L’ultima volta che ho visto David Bowie, per molti versi la rockstar per eccellenza della mia generazione, morto nel 2016, lo stavo tradendo con un altro artista pop. Eravamo su un tetto a New York, nel quartiere di Williamsburg. Quella sera di fine primavera del 2006, giornalisti, musicisti e altri personaggi si erano riuniti per assistere a un breve live set dei TV on the Radio tratto dal loro secondo album, l’eclettico e accattivante Return to Cookie Mountain. Mi ero innamorato del cantante del gruppo, Tunde Adebimpe, un tipo occhialuto, con la voce inconfondibile e i modi dolci. A volte Adebimpe sembra un sergente istruttore strafatto, altre un ragazzino che si affaccia all’adolescenza. Come Bowie, è quello che io definisco un cantante camaleontico, capace di cambiare voce in base al protagonista della canzone. Quella sera il gruppo si esibì in un’ottima performance e quando staccavo lo sguardo da Adebimpe, lo spostavo su Bowie. In piedi in mezzo alla folla, con una birra in mano, l’allora cinquantanovenne star si muoveva agile ed elegante al ritmo della musica. Era marito e padre per la seconda volta, ma l’età non aveva affievolito il suo manifesto entusiasmo per il nuovo, soprattutto se destabilizzante e genuino, come i TV on the Radio.
Dopo avere ascoltato il primo EP della band, Bowie chiamò uno dei chitarristi, Dave Sitek, per dirgli che era un suo fan, e quando Sitek gli rispose d’istinto invitandolo a partecipare al secondo album del gruppo, Bowie accettò. I suoi interventi nella canzone Province, contenuta in Return to Cookie Mountain, risuonano rotondi, esausti e vivi, tra le cose migliori che l’artista ci ha regalato nella parte finale della sua carriera. Funzionano bene all’interno del nervoso stile trance del gruppo, ma trasmettono anche la profondità dell’esperienza di Bowie come vocalist e la sua volontà – il suo desiderio – di collaborare con musicisti meno conosciuti.

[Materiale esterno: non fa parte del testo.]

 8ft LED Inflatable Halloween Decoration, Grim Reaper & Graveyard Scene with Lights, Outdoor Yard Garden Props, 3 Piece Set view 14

Gli artisti di successo sono più spesso preoccupati di mantenere e accrescere la propria fama che di condividerla. Ma, come Prince e Linda Ronstadt, artisti che hanno usato il loro enorme fascino per promuoverne altri con minore visibilità – di solito donne o non bianchi –, anche Bowie ha spesso cercato artisti che, per un motivo o per l’altro, erano outsider come lui, ma non avevano il suo intuito e genio nel leggere le situazioni, cogliere l’umore del pubblico e riuscire a capitalizzarlo. E quando si trattava di criticare un’industria che non dava a tutti gli artisti le stesse opportunità, non si tirava mai indietro. Nel 1983, denunciò Mtv rea di non trasmettere artisti neri, in un’epoca in cui quasi a nessuno importava della diversità.

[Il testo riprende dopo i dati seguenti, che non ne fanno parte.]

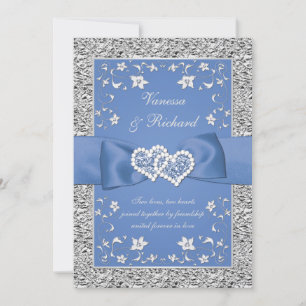Invitation Blue Silver Floral Hearts FAUX Foil Wedding Invite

A Bowie importava. Ma il suo amore per gli spiriti ribelli, i suoi impulsi collaborativi, il suo istinto paterno – il tutto avvolto nella sua esibita personale bizzarria – risultano un po’ sottotono nel nuovo documentario di Brett Morgen, Moonage Daydream, che invece satura lo schermo con un’esplosione visiva. Morgen ha fiuto per tante cose, ma la moderazione e la delicatezza non sono tra queste. Ho amato il suo documentario del 2002 sul produttore cinematografico Robert Evans, The Kid Stays in the Picture, non solo per l’uso accorto e intelligente di effetti visivi e filmati d’archivio, ma anche per la sua capacità di comprendere – aiutato senza dubbio dall’autobiografia di Evans del 1994 – che la Hollywood evocata, quella che non aveva ancora conosciuti i grandiosi successi commerciali, si muoveva in una cornice di glamour, squallore e bugie. Ma in Moonage Daydream questa lettura si annacqua, si smarrisce. Com’è possibile realizzare un documentario su una star che ha dominato il mondo del rock-and-roll per oltre due decenni (equivalenti più o meno a un secolo nel mondo normale) e non accennare ai camerini sporchi, ai dissapori con le case discografiche, alle lamentele degli altri componenti della band o alla costante solitudine, ovvero, cancellare la realtà con cui Bowie ha dovuto fare i conti? Morgen preferisce offrici invece una sorta di ritratto intellettuale santificato: Bowie come Mosè, con i suoi comandamenti sull’arte. Le dichiarazioni di Bowie su Nietzsche e sul buddismo, non mitigate dal suo fascino sornione, risultano non solo pretenziose ma anche opprimenti. Al pari di Evans, Bowie era un uomo di spettacolo consumato, ma, tranne che in alcuni vecchi filmati d’archivio, Morgen non ce lo mostra quasi mai in azione.